I will assume that the access_token query parameter is at the end and the code follows the string like this 'http:\...#access_token=', the url ends with the code at the end. Here is a simple method that would extract the code out of the url,

func getTokenFromUrl(url: String) -> String? {

    let range1 = url.rangeOfString("#access_token")

    guard let range = range1 else { return nil }

    let startIndex = range.endIndex.successor()
    let rangeOfToken = url.endIndex

    let rangeOfString = startIndex ..< rangeOfToken

   return  url.substringWithRange(rangeOfString)
}

let url1 = "http://stackoverflow.com/questions/31010975/translate-rangeofstring-from-objective-c-to-swift?#access_token=873jasf82jmsa8sd"

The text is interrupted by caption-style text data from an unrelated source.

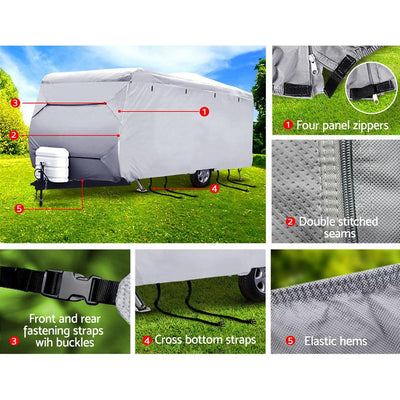 Weisshorn 16-18ft Caravan Cover Campervan 4 Layer UV Water Resistant Payday Deals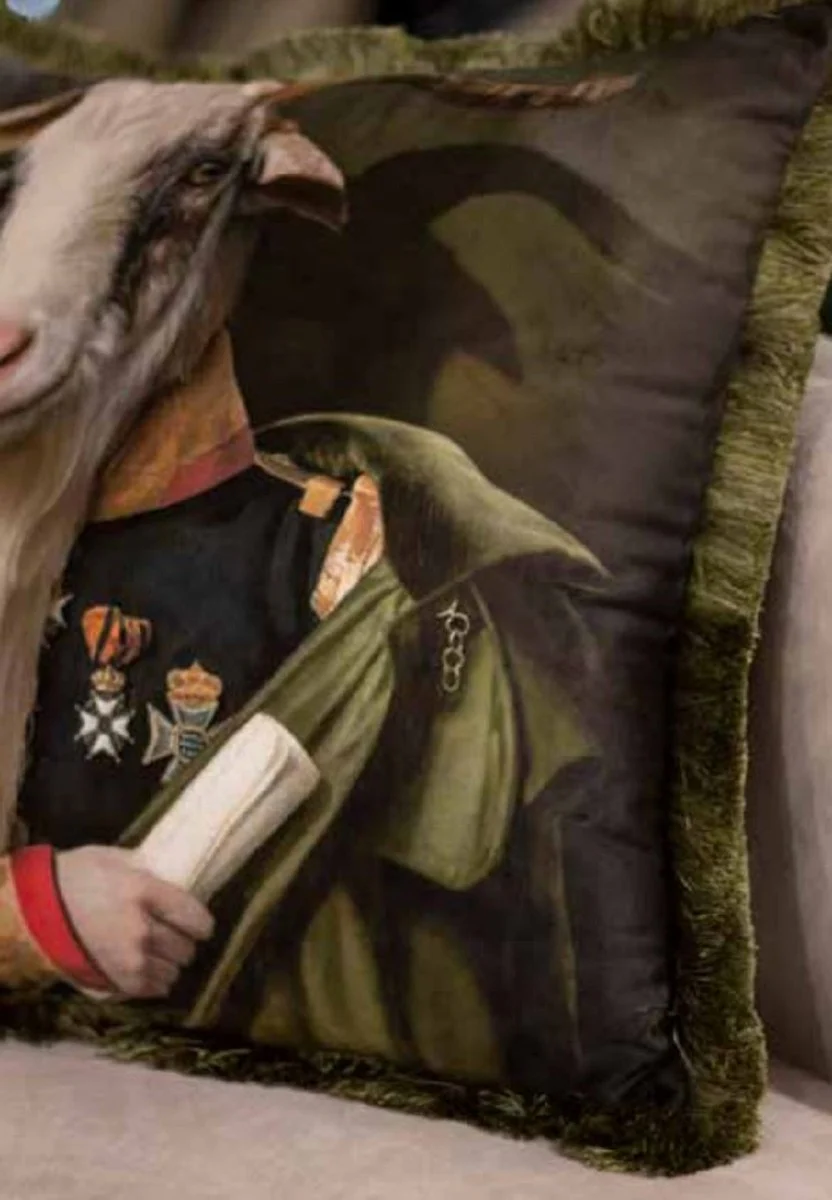 Luxury decorative cushion officer goat green / multicolored 45 x 45 cm - printed velvet cushion with fringes - luxury collection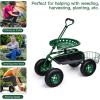 Giantex Rolling Garden Cart with Seat, 4-Wheel Gardening Workseat with Storage Basket, Swivel Stool Adjustable Seat, Steering Handle, Garden Utility Cart, Steel Frame (Green)(Green)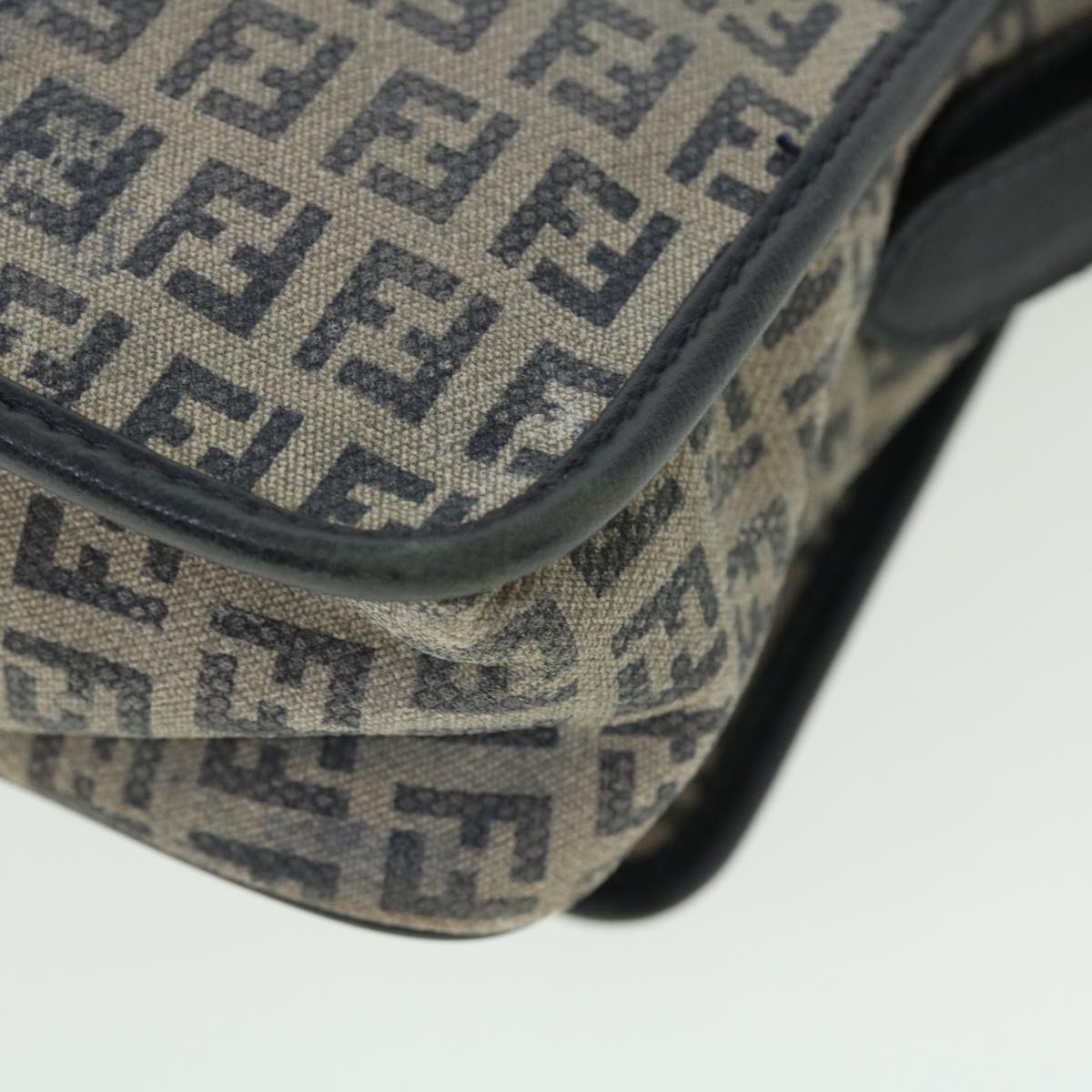 FENDI Zucchino Canvas Shoulder Bag Navy bs7520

let url2 = "http://stackoverflow.com/questions/31010975/translate-rangeofstring-from-objective-c-to-swift"

getTokenFromUrl(url1) // returns 873jasf82jmsa8sd
getTokenFromUrl(url2) // returns nil

For earlier version of Swift, you could use if let patter to unwrap the optional,

func getTokenFromUrl(url: String) -> String? {

    let range1 = url.rangeOfString("#access_token")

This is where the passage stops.